Ao sair do banheiro, agradeço mentalmente por Ares ter
se vestido, mas acho estranho ele ter colocado tudo,
inclusive a camisa e os sapatos. Ele vai embora? No
entanto, meu coração fica um pouco apertado quando ele
nem mesmo se vira para me olhar, ocupado demais
escrevendo no celular, sentado na minha cadeira de
escritório.
Para quem ele está mandando mensagens a esta hora?
Isso não é problema seu, Raquel.
E aqui estou eu, desconfortável. O que devo fazer? Ou
dizer? Alguns segundos depois, Ares tira os olhos do celular
e me encara.

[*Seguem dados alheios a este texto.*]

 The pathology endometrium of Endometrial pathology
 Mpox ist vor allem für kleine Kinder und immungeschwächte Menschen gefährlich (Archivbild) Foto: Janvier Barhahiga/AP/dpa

Engulo em seco, brincando com as mãos.
Jura, Raquel? Depois de fazer tudo isso com ele, você está
tão nervosa assim?
Minha consciência é uma idiota.
Ares se levanta, colocando o celular no bolso de trás da
calça.
— Vou embora. — Meu coração afunda no peito. —
Quando Apolo acordar, fala para ele pular a cerca e entrar
pela porta dos fundos, vou deixar aberta.
— Achei que não ficaria bem eu dormir sozinha com um
homem — brinco, mas Ares não sorri.
— E não é, mas é seu quarto, sua vida, e não tenho nada
a ver com isso.
Certo, esse cara é definitivamente instável.
Primeiro foi irritante, depois carinhoso, então sexy e agora
frio? É superinstável.
— Aconteceu alguma coisa?
Ares caminha até a janela.
— Não.
Ah, não, você não vai embora. Você não vai sair daqui
desse jeito sem explicar o que houve. Não vai deixar essa
sensação de que fui usada corroendo meu coração.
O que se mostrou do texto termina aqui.